5.2. Nomination Criteria for Members of the Board of Executive Officers. For the nomination of members to make up the Company’s Board of Executive Officers, the general criteria set out in item 1 above shall be considered, as well as a harmonic board of professional executives who know how to combine the Company’s interest, its shareholders, managers, and employees. The process of nomination and filling of positions of the Board of Executive Officers described in this Policy aims at forming a group aligned with the Company’s ethical principles and values, as well as diversity aspects, aiming at filling them with people with complementary competencies who are qualified to face the Company’s challenges.
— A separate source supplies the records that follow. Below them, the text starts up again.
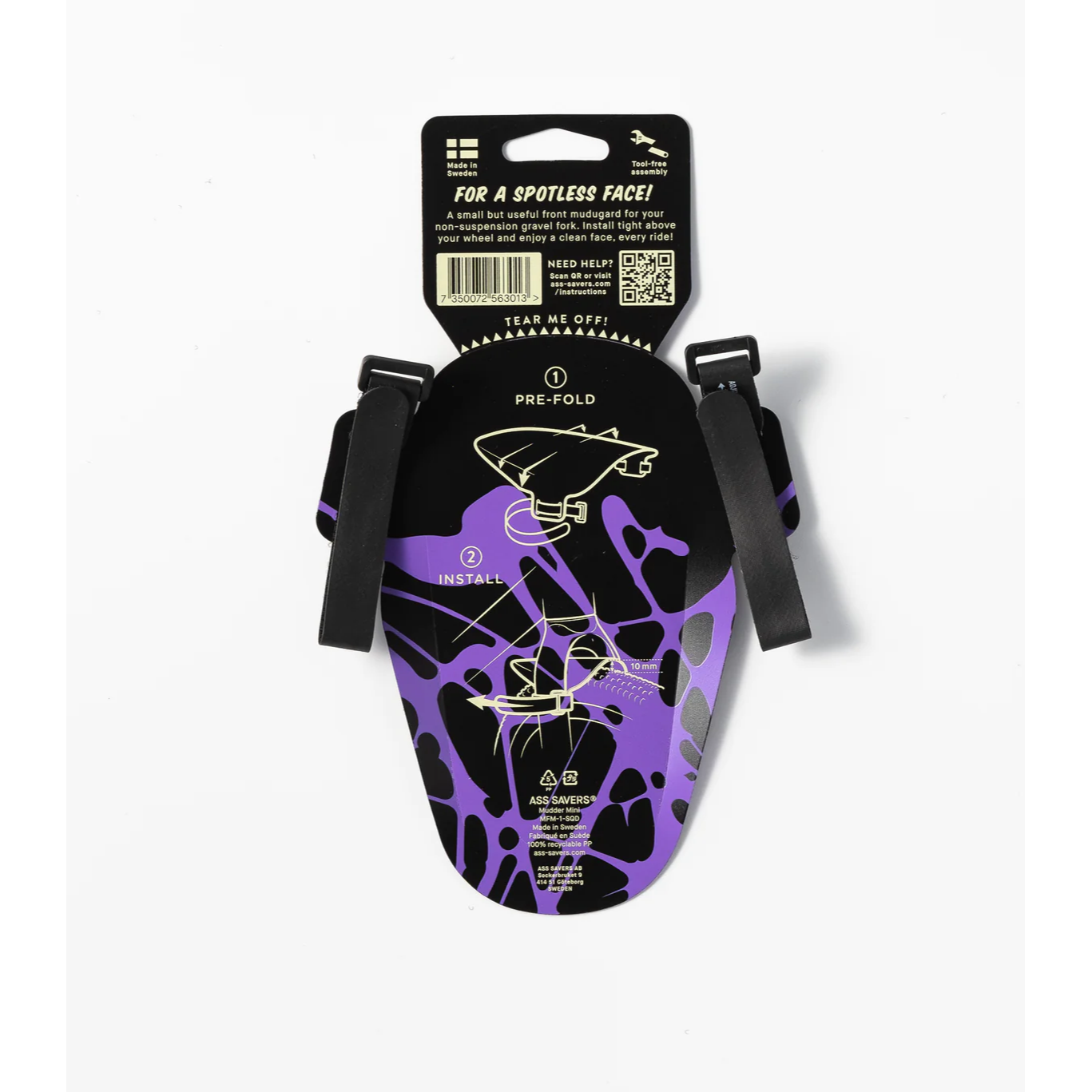 Ass Savers MFM-1-SPK Mudder Mini, Spritzschutz VR, squid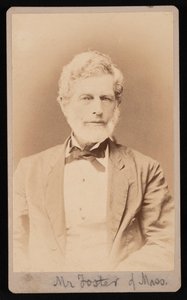 Portrait of Mr. Foster of Massachusetts, Between 1876 and 1880 by Samuel Montague Fassett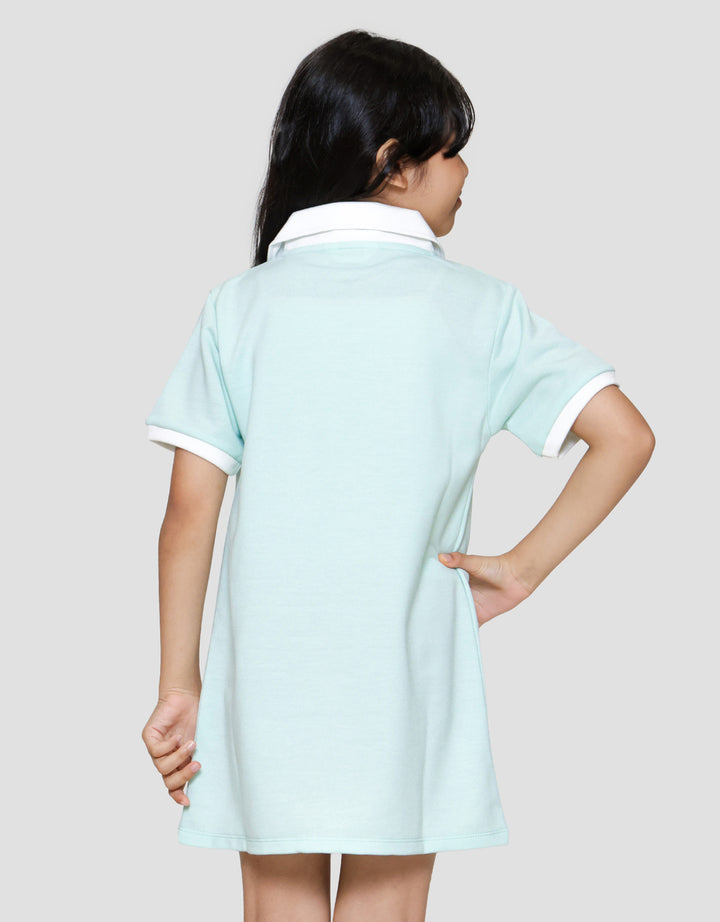 Little M Kerah Adorable Midi Dress Anak Perempuan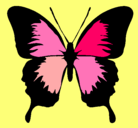 Dibujo Mariposa con alas negras pintado por arancha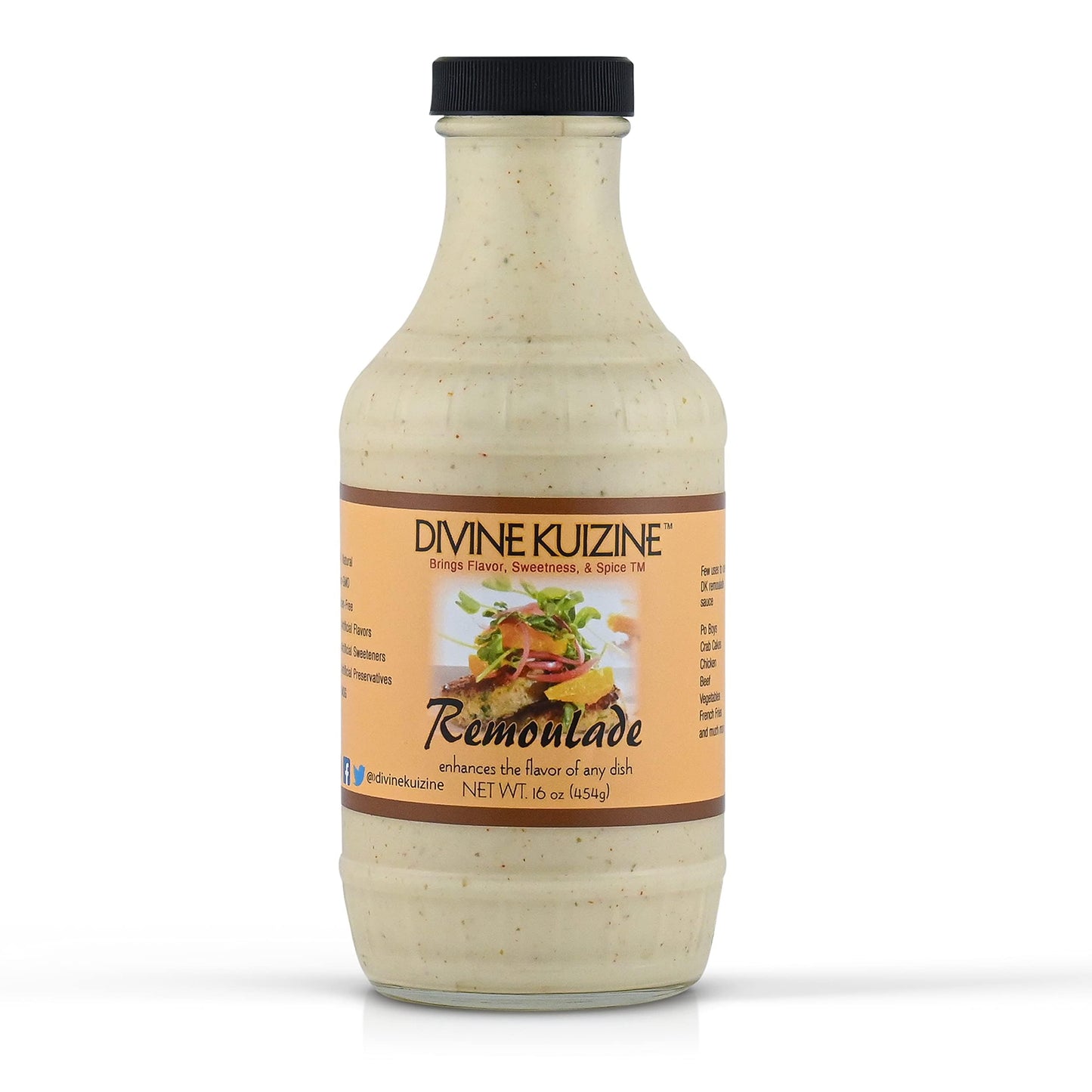 Divine Kuizine Remoulade Sauce | Louisiana-Style Spread & Dip for Seafood | Dressing for Food | Tartar Sauce | Creole-inspired Dip | 2x spicy sauce |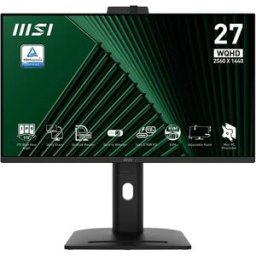 MSI Écran Pro Mp275qpdg 27´´ Wqhd Ips Led 100hz Black Europe PAL unisex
5.2.1. Additionally, for the nomination of members to make up the Board of Executive Officers, the legal requirements and prohibitions provided for in Article 143 of the Brazilian Law of Corporations, CVM regulations and Articles 09 and 11 of BCB Resolution 81/21 shall be taken into consideration.

5.2.2. The Company will conduct comprehensive research on those nominated to make up the Company’s Board of Executive Officers in public and private registration systems and information in order to validate compliance with the provisions of BCB Resolution 81/21.

5.2.3. In order to nominate members to the Board of Executive Officers, the Company’s Succession Plan should be respected, which aims to describe the profiles of key positions and identify potential candidates who have the necessary competencies for the performance of the required functions. If there is no internally mapped successor, the external recruitment and selection process will be carried out.

5.2.4. Those who have already completed 65 (sixty-five) years of age on the date of the election shall not be elected members of the Board of Executive Officers.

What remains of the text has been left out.